Lots of stuff in this file. I'll go through each required tag here. Check the specs to see more information about optional meta data tags.
dc:title - Title of the book
dc:language - Identifies the language used in the book content. The content has to comply with RFC 3066. List of language codes. (I'd just copy the language tag from the sample...)
dc:identifier - This is the book's unique ID. This has to be a unique identifier for every different e-book. The spec doesn't give any sort of recommendation for what to use, but an ISBN number would be a good bet. I used the name of my web site and the date and time.
One thing to note, because of how the file interacts with toc.ncx, just modify what's after the " uuid:" on this line.
Next comes the manifest. This is just a listing of the files in the .epub container, and their file type.
Each item is also assigned an item ID that's used in the spine section of content.opf. This list does not have to be in any particular order.
The spine section lists the reading order of the contents. The spine doesn't have to list every file in the manifest, just the reading order. For example, if the manifest lists images, they do not have to be listed in the spine.
This is the table of contents. This file controls what shows up in the left Table of Contents pane in Digital Editions
Things you need to change:
- Make sure the uid matches what you have in content.opf
- doctitle: The text inside the text tag is what will show up as the books title in the reader software
- The navpoint tag.
Each nav point is a chapter listing, the text is the chapter name, and the src is the file it links to.
If you copy a navpoint tag set to add chapters, make sure to update the id and playorder values.
According to the spec, the ID can be anything you want, but it's easier to keep track of things if you use the same ID you used for that file in the .OPF file. Also, some readers won't properly display the Table of Contents if the ID doesn't match.
Also, the playorder values have to be in order. (An item with playorder 1 will be before an item with playorder 2, etc.) They also have to be listed in order, and can't have any gaps. (You'll get an error if you jump from 1 to 20, etc)
This file isn't part of the IDPF spec, but Adobe Digital Editions uses it for formatting and setting column settings and whatnot. You don't need this file at all, but your book will look nicer in Digital Editions if you include it. Other readers should just ignore it.
Note: You can use a .css style sheet file to layout styles for your book as well. Just make sure to list it in the manifest section of Content.opf
Also of note here, any styling should be done in a CSS stylesheet, and not in the document.
Content .xhtml files
Content files should be XML 1.1 documents
If you're not familiar with XML, it's basicly HTML with closing tags for every element, and several style tags are not supported.
Making the Container
Now we make the .epub container that all these files go in.
1. Create an empty .zip file with whatever name you like
2. Copy the mimetype file into the zip file (don't use compression on this file)
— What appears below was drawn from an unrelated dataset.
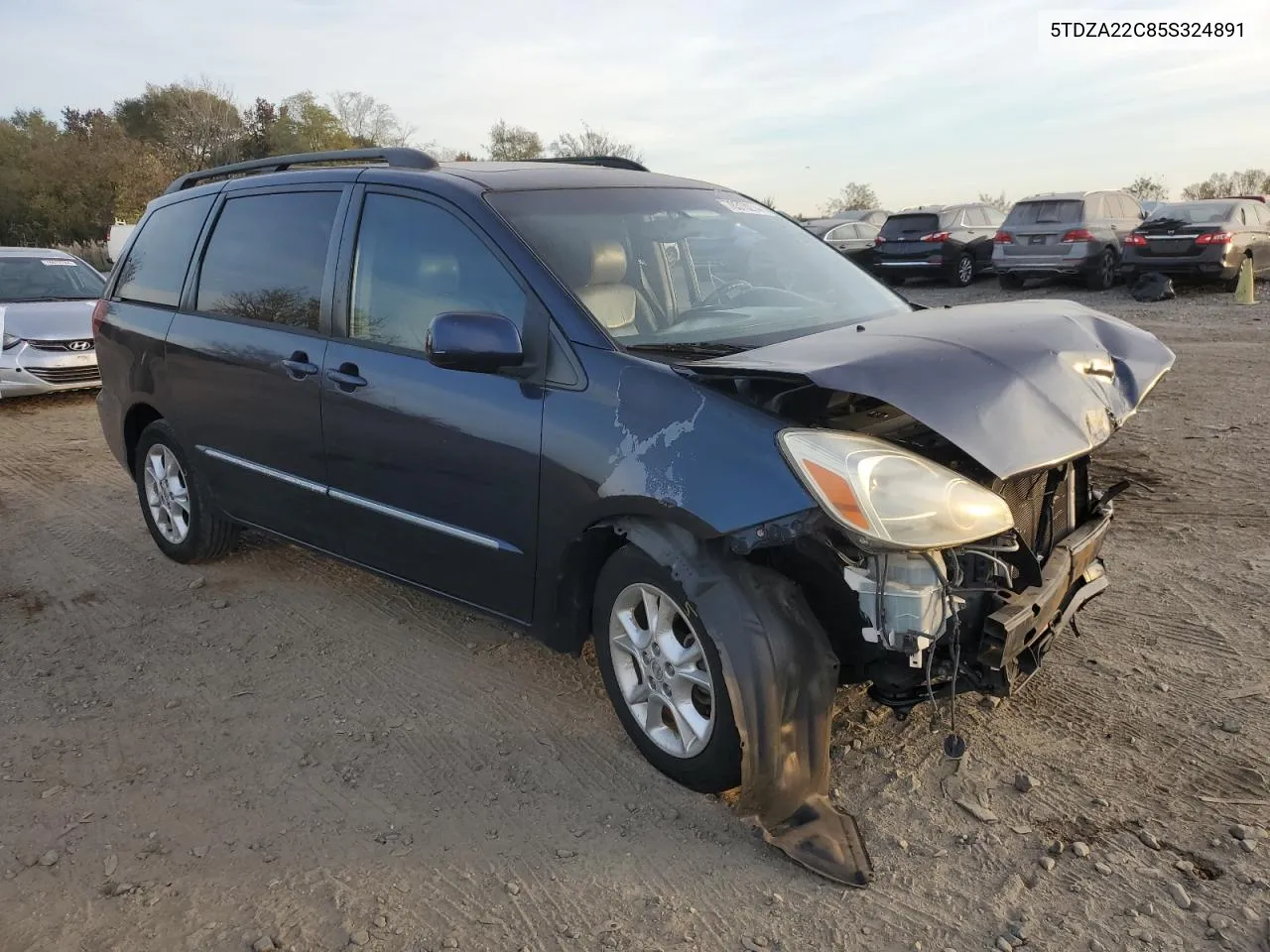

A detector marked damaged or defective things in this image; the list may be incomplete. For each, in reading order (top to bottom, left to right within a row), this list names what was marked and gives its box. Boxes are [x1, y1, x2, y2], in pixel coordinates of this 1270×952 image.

3. Copy the rest of the files and folders mentioned above into the zip file *
4. Re-name the .zip extension to .epub
* The specification recommends that the books files go in an "OEBPS" folder inside the zip file. If you put them in another spot, be sure that container.xml in the META-INF folder points to the correct location of the *.opf file.
The zip file layout should look something like this:
You should now be able to open your eBook in Adobe Digital Editions, or any other reader that supports the .epub format.
If you want to cheat, download the file below. It's a zip file that has empty chapter pages, and the content and toc files pre filled out, so all you have to do is copy and paste your content into the empty files, and modify the OPF and NCX files.
Checking your ePub file
So you've made a sample ePub book, and it won't open, or it opens with an error, or looks funky. What now?
epubcheck is a program that will scan your ePub file and display any errors it finds in the book.